Bangladesh, 24 de abril de 2013. En las afueras de Dhaka, ( capital del segundo país exportador mundial de ropa ) los cimientos del Rana Plaza, un deteriorado edificio de 8 plantas que alojaba 4 fábricas textiles, cedieron y engulleron a 1.127 personas, dejando heridas a otras 2.500

Una nueva tragedia humana, no achacable en esta ocasión a fuerza alguna de la Naturaleza, tuvo que convertirse en terrible portada de los tabloides de todo el planeta para que algo se agitara con violencia en la conciencia de OCCIDENTE; una brusca sacudida que ha obligado al mundo entero a volver sus ojos hacia esta depauperada región del sur de Asia.

El dueño del inmueble, cinco propietarios de talleres textiles ( de los cuales dos se dieron a la fuga ) y dos técnicos municipales han sido finalmente detenidos y acusados de negligencia, construcción ilegal y de persuadir a los empleados para que acudieran a su puesto de trabajo, a pesar de que un día antes habían aparecido varias fisuras en la estructura del edificio. Ulteriores investigaciones desvelaron que se utilizaron materiales de baja calidad y se incumplió el código técnico de edificación en la construcción del edificio.

Empleando una metáfora descarnada y terrible, podría asegurarse que el nuevo modelo de Capitalismo imperante, el Capitalismo Salvaje, se transmutó en forma de pozo de cimentación y devoró a más de un millar de esforzados trabajadores bangladeshíes, cobrándose una vez más un altísimo precio por seguir manteniéndose como el modelo económico mundial dominante.

Inéditas manifestaciones y protestas se han sucedido desde entonces en Bangladesh; un clamor creciente que va más allá de la exigencia de un salario digno, que apela a las más básicas demandas humanitarias y que ha conseguido clausurar cientos de talleres de confección por tiempo indefinido. Ante la inesperada ofensiva social, el Gobierno de este país ha decidido crear una comisión para estudiar un incremento de los salarios en el boyante sector de la confección nacional, del que su economía depende en un ochenta por ciento. Triste consuelo para los familiares y allegados de las víctimas de la catástrofe, que solamente ven en ello un papel mojado con la sangre de aquéllos.

Las fábricas textiles de esta nación ubicada en el delta del Ganges, son en realidad talleres miserables donde los costes de producción se cuentan entre los más bajos del mundo y la hora laboral se paga a tan sólo 38 céntimos de euro. En la Unión Europea, por ejemplo, la media es de 20 euros e, incluso en China, es cuatro veces más que en Bangladesh. Los empresarios occidentales que buscan grandes márgenes de beneficios se suministran de ellos, atraídos además por la connivencia de los dirigentes del país con las prácticas laborales más inhumanas.
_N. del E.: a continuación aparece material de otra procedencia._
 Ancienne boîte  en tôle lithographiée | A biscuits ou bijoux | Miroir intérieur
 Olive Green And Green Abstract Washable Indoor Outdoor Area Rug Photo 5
La voluntad de varias de las más emblemáticas cadenas mundiales de distribución de ropa ( H&M, Inditex y PVH - comercializadora de Tommy Hilfiger, Calvin Klein, Wal-Mart y Gap - ) de concretar un acuerdo para la mejora de la seguridad en las fábricas textiles de BANGLADESH, no deja de ser un insuficiente e hipócrita parche aplicado apresuradamente con el propósito de acallar las voces críticas y tranquilizar las conciencias. Una medida a destiempo tras la que se oculta el pánico a un drástico quebranto de los pingües beneficios y el temor de no poder seguir alimentando la voraz codicia de todo un sector, el textil, que en el marco de la peor crisis mundial de las últimas décadas, no sólo no está viendo mermados sus astronómicos ingresos, sino que ha visto incluso cómo aumentaban.

Por todo ello, es urgente que la población occidental, destinataria del producto final del esfuerzo de los explotados trabajadores bangladeshíes, pase a la acción en la medida de sus posibilidades, exigiendo en primer lugar que, de igual modo que los productos alimentarios están obligados por ley a mostrar el origen y las condiciones de su producción, los artículos textiles se adhieran a protocolos y certificaciones similares y, en segundo lugar, poniendo en práctica un boicot a todas las prendas susceptibles de haber sido fabricadas bajo condiciones de esclavitud laboral.

Urge también la reconfiguración y relocalización de la ia industria textil española ( paradigma de la salvaje deslocalización del sector en Europa y de la que la mitad de su producción se llevó a otros países en las últimas dos décadas ) lo cual, a su vez, permitiría la creación de más de 100.000 puestos de trabajo, aliviaría la dramática situación económica de muchas familias y rebajaría considerablemente la cifra nacional de desempleados.

Mientras no se adapten acciones como las mencionadas, en las que la sociedad occidental concienciada debe asumir un papel especialmente relevante, ejerciendo de grupo de presión contra los gobiernos involucrados y las empresas de distribución textil, el CAPITALISMO SALVAJE continuará devorando vidas humanas entre sus insaciables fauces.